[Provided data Boundary: Start]

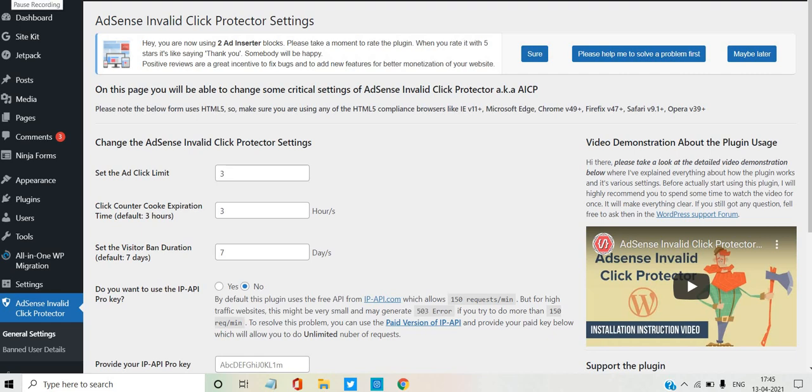Hello guys, I am back. Today the topic is about Google AdSense. So what do you think about this video?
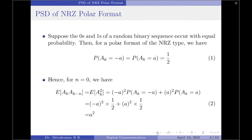With these things in mind, let us now start the derivation for the power spectral density. Suppose the zeros and ones of a random binary sequence occur with equal probability. Then, for the polar format of the NRZ type, the probability of amplitude equals −A equals the probability of amplitude equals +A, equal to 1/2. Here, the first part represents symbol 0 and the second part represents symbol 1.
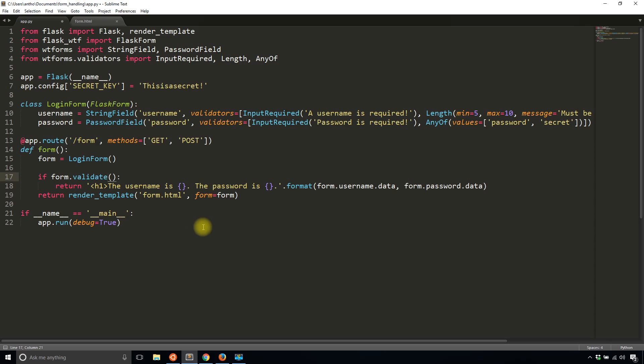And typically, you would only use this one if you are dealing with the route that only accepts post requests just to save on some typing. But if you have a route that has both get and post requests, then you want to do validate on submit. That way it works for both the case when they're trying to get the form and the case when they're trying to submit the form.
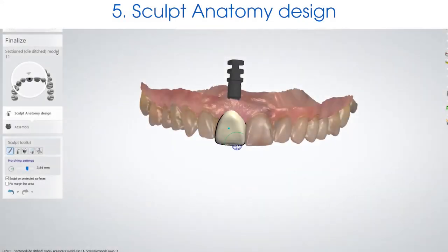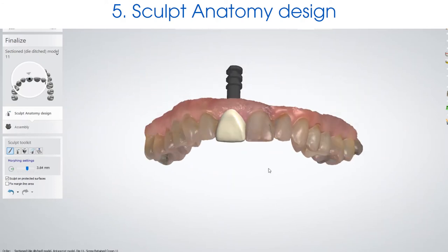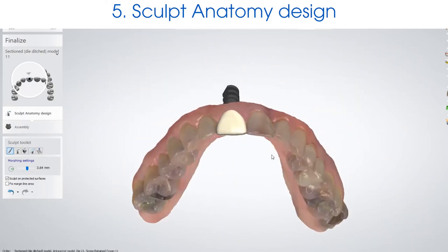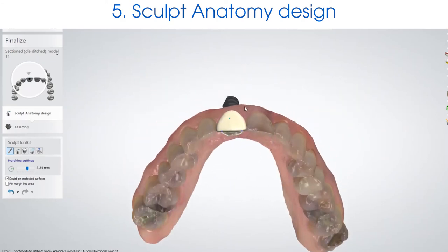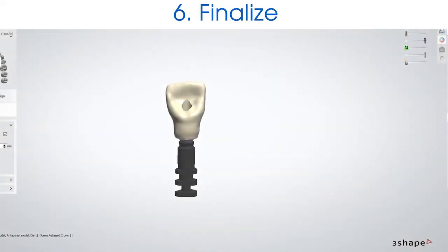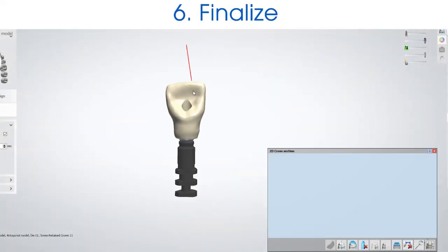Step five is the final sculpt anatomy design. This is where your crown connects to your emergence profile and where you can make small adjustments. The final step is finalizing your crown.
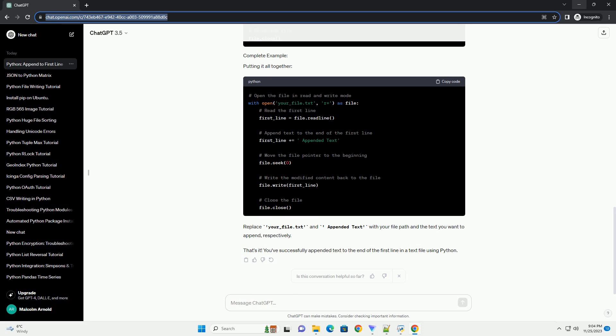Putting it all together. Replace your_file.txt and appended text with your file path and the text you want to append, respectively. That's it. You've successfully appended text to the end of the first line in a text file using Python.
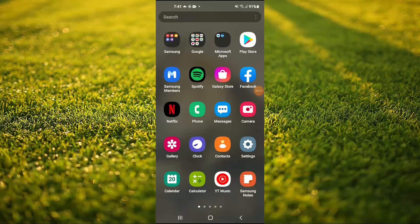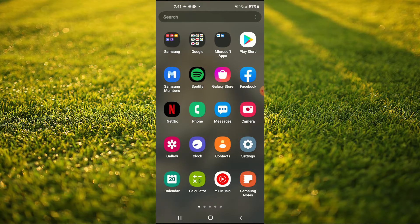Hello, welcome to Simple Answers, I'm your host Jason. In this video I'll be showing you how to put camera and flashlight on lock screen on your Android device, or how to add flashlight or torch to your lock screen on Android.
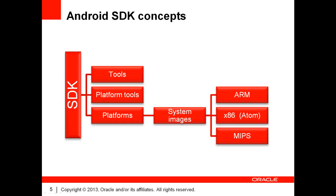Let's focus a bit on the SDK. If we simplify, the various tools it provides belong to three main categories. Obviously, it provides tools for debugging and testing your applications. The SDK also contains platforms. And finally, you've got platform tools.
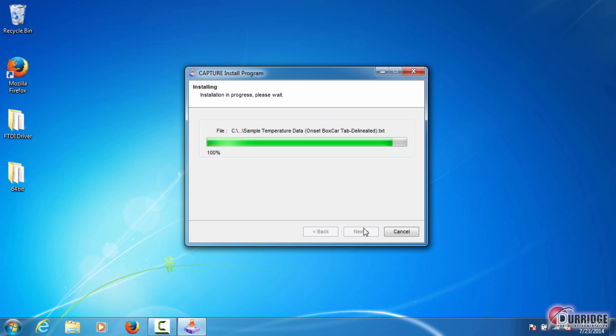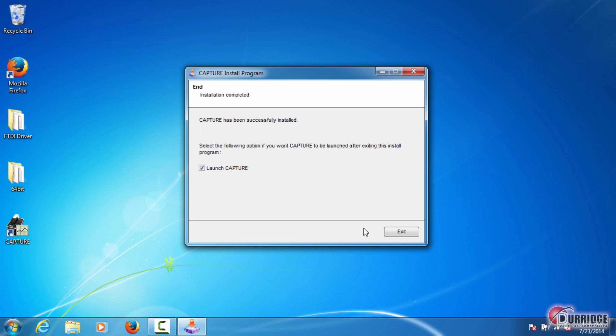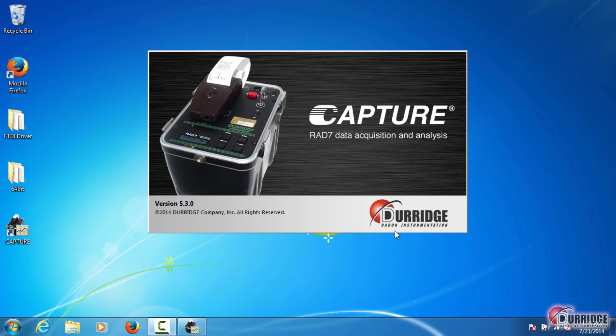When Capture is successfully installed, a shortcut to the program appears on the desktop. If the Launch Capture checkbox is selected and you click Exit, the program will automatically launch.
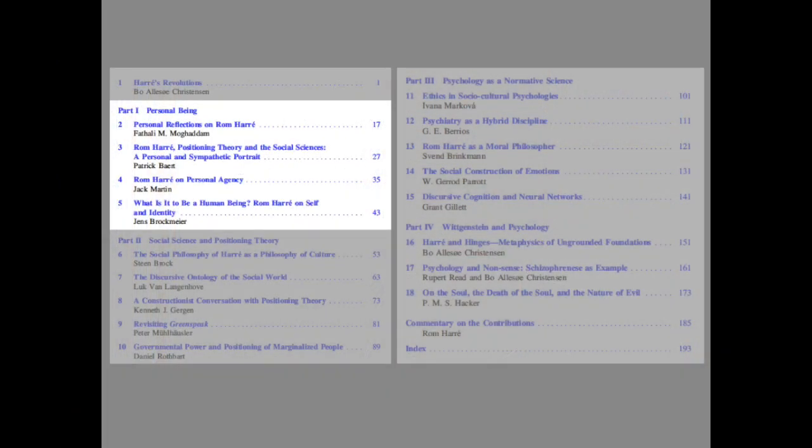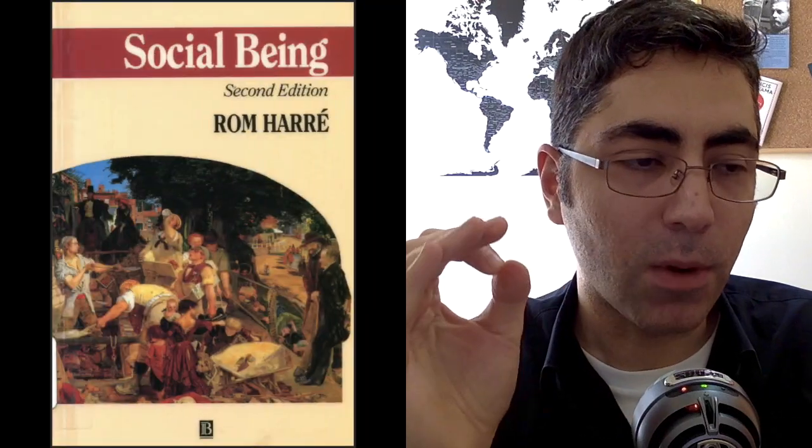The first theme is personal being. This theme has to do with the idea that persons are achieved—in fact, in another book I'll discuss this Sunday, we read Rom Harré saying that persons are artifacts. They are achieved by taking part in and developing skills of conversation.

[Provided data Boundary: End]

# Task requirements:
Find the line containing "Hello, welcome to" and copy it and each line after it through the end of the material, exactly, with no pictures.

# Written solution:
Hello, welcome to Simple Answers, I'm your host Jason. In this video I'll be showing you how to put camera and flashlight on lock screen on your Android device, or how to add flashlight or torch to your lock screen on Android.
Let's focus a bit on the SDK. If we simplify, the various tools it provides belong to three main categories. Obviously, it provides tools for debugging and testing your applications. The SDK also contains platforms. And finally, you've got platform tools.
When Capture is successfully installed, a shortcut to the program appears on the desktop. If the Launch Capture checkbox is selected and you click Exit, the program will automatically launch.
The first theme is personal being. This theme has to do with the idea that persons are achieved—in fact, in another book I'll discuss this Sunday, we read Rom Harré saying that persons are artifacts. They are achieved by taking part in and developing skills of conversation.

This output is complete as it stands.